● Exercise details: Without the images, reproduce each line of the material exactly.

● Material provided:
'''
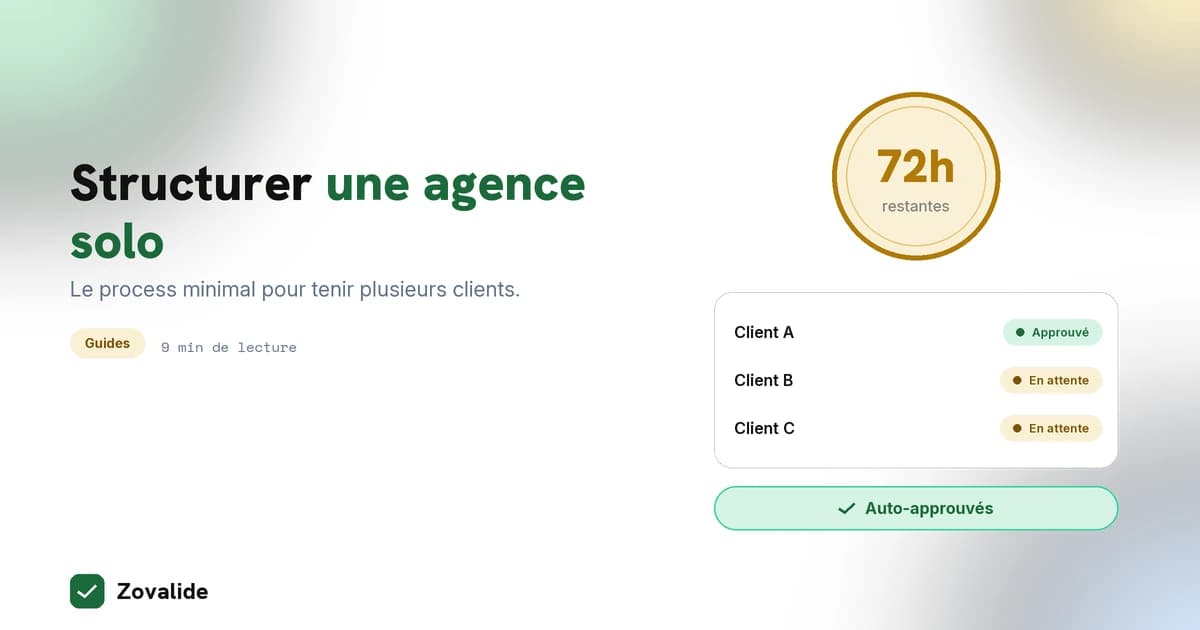 Structurer une agence social media solo : le process minimal pour tenir plusieurs clients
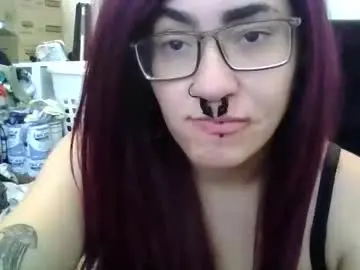 Chaturbate Best Webcam of nottooshabbymissgabby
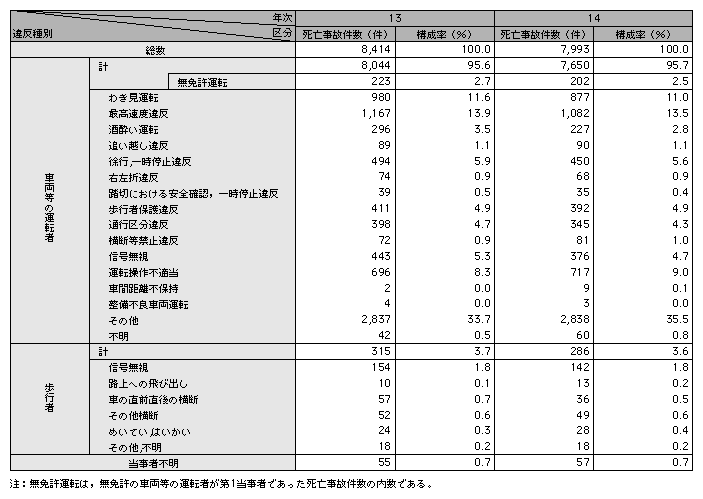 統計５－６　第１当事者の違反別死亡事故件数（平成13，14年）
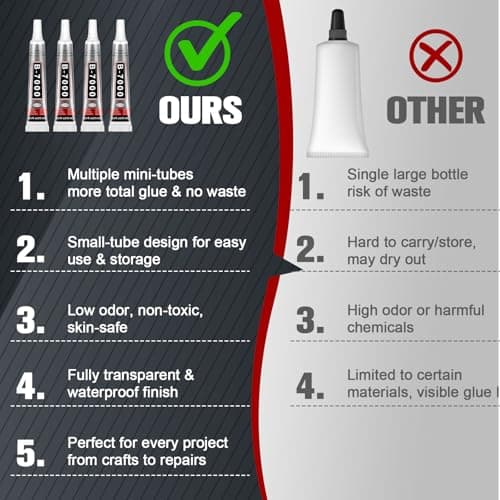 16 PCS 15ml B7000 Rhinestone Glue Clear – Super Glues for Bedazzling with Precision Tip, Quick Dry No Trace Flexible Adhesive for Jewelry Making, Nail Art, Fabric, Shoe, DIY Craft & Phone Repair — view 6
'''
● Solution for this task:
 Structurer une agence social media solo : le process minimal pour tenir plusieurs clients
 Chaturbate Best Webcam of nottooshabbymissgabby
 統計５－６　第１当事者の違反別死亡事故件数（平成13，14年）
 16 PCS 15ml B7000 Rhinestone Glue Clear – Super Glues for Bedazzling with Precision Tip, Quick Dry No Trace Flexible Adhesive for Jewelry Making, Nail Art, Fabric, Shoe, DIY Craft & Phone Repair — view 6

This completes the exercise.